What to produce ▸
Everything from the line with "Chaise italienne année 80, en bois et métal" down to the line with "Derrumbe de estadio" below must be printed exactly, those two lines included. Exclude pictures.

Input data ▸
[Start of section]

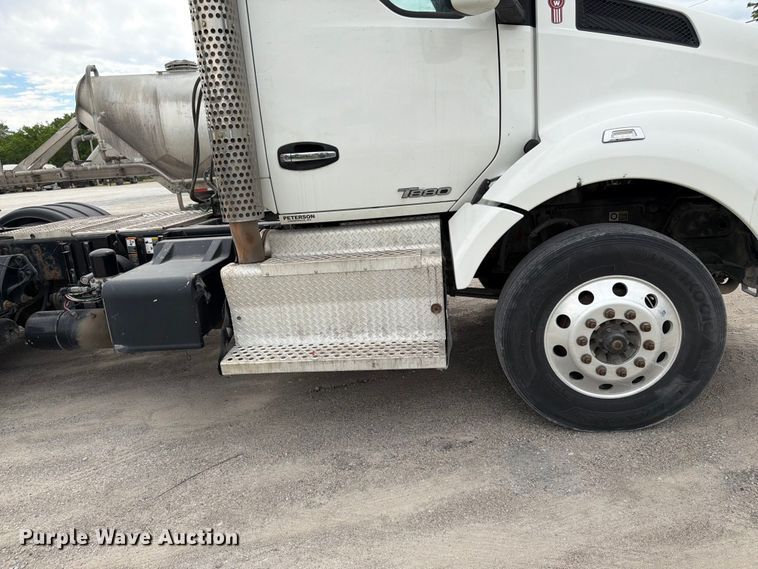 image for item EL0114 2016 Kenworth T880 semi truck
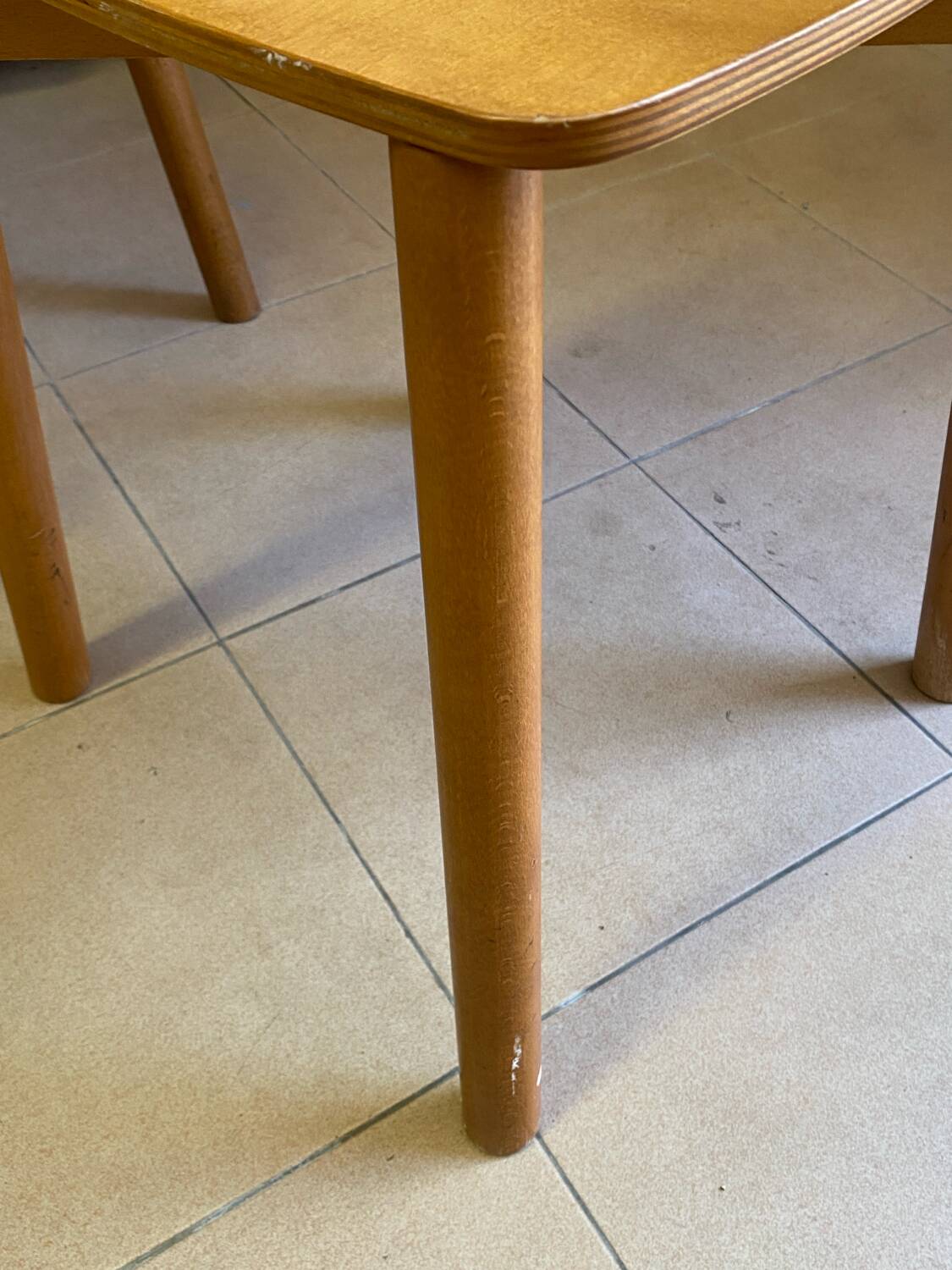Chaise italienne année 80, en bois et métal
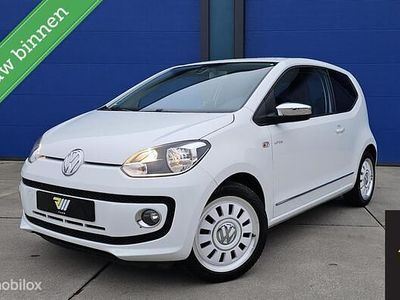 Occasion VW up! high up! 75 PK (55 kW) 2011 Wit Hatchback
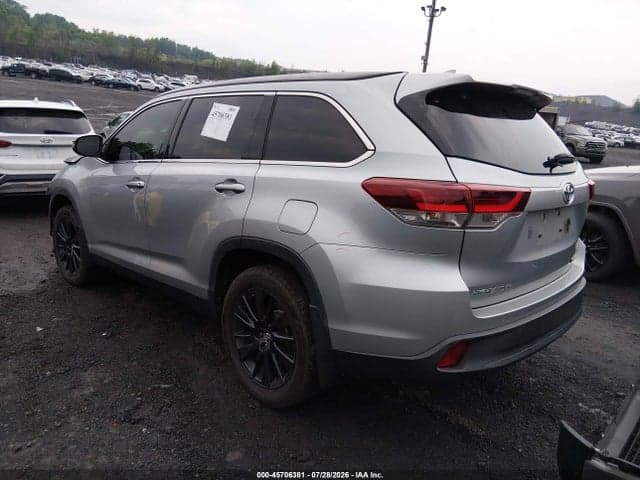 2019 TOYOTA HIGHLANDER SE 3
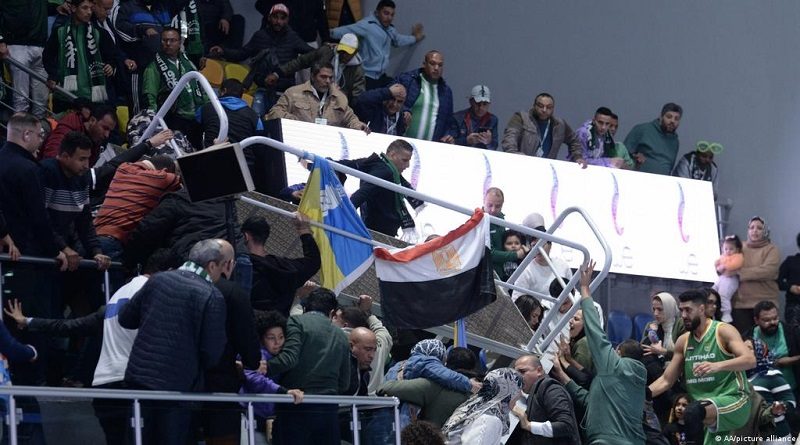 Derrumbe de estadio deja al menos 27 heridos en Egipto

[End of section]
[Start of section]

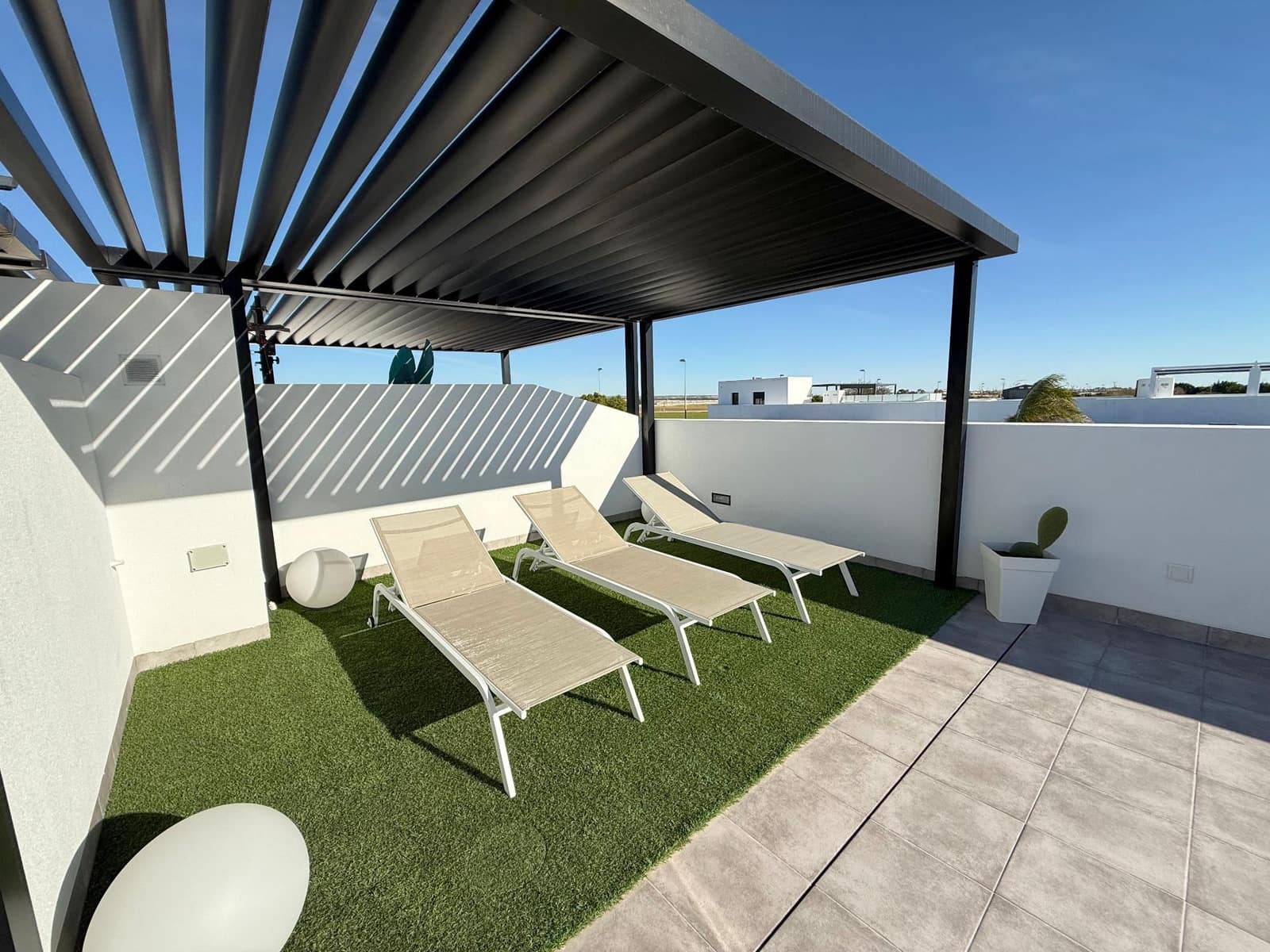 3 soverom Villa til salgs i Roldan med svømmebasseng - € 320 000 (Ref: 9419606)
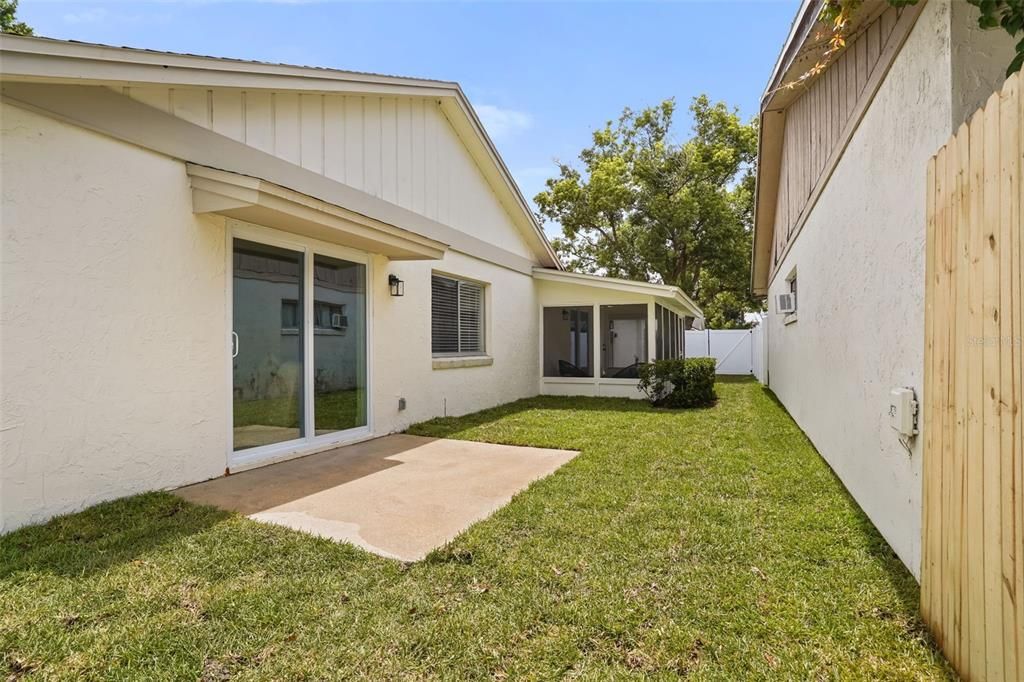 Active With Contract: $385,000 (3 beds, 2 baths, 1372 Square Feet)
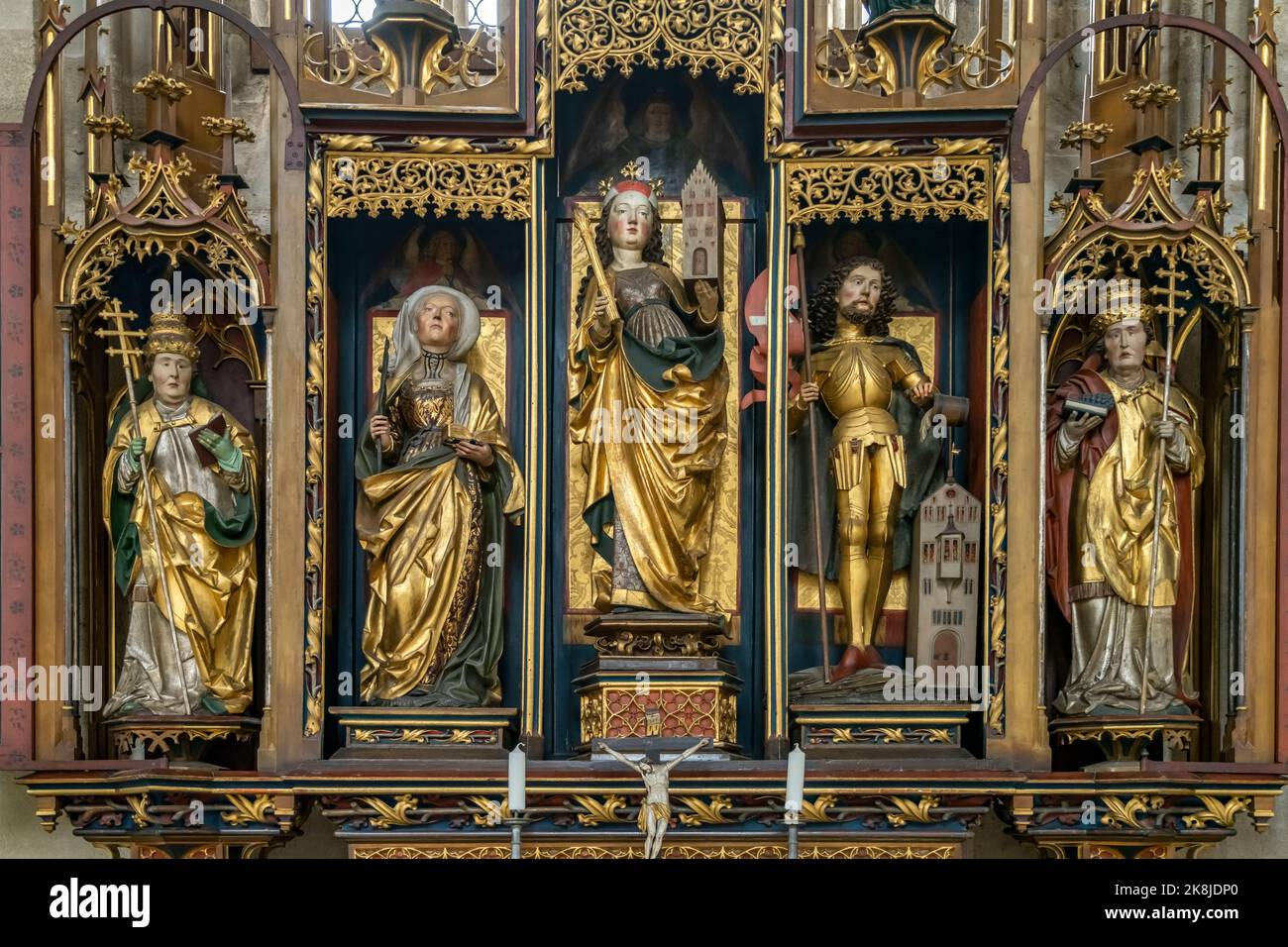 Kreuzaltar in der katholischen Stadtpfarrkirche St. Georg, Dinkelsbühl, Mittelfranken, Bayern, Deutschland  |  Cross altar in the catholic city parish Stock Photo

[End of section]
[Start of section]

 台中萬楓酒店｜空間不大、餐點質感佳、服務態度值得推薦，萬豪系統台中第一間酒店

[End of section]

Reply to the exercise ▸
Chaise italienne année 80, en bois et métal
 Occasion VW up! high up! 75 PK (55 kW) 2011 Wit Hatchback
 2019 TOYOTA HIGHLANDER SE 3
 Derrumbe de estadio deja al menos 27 heridos en Egipto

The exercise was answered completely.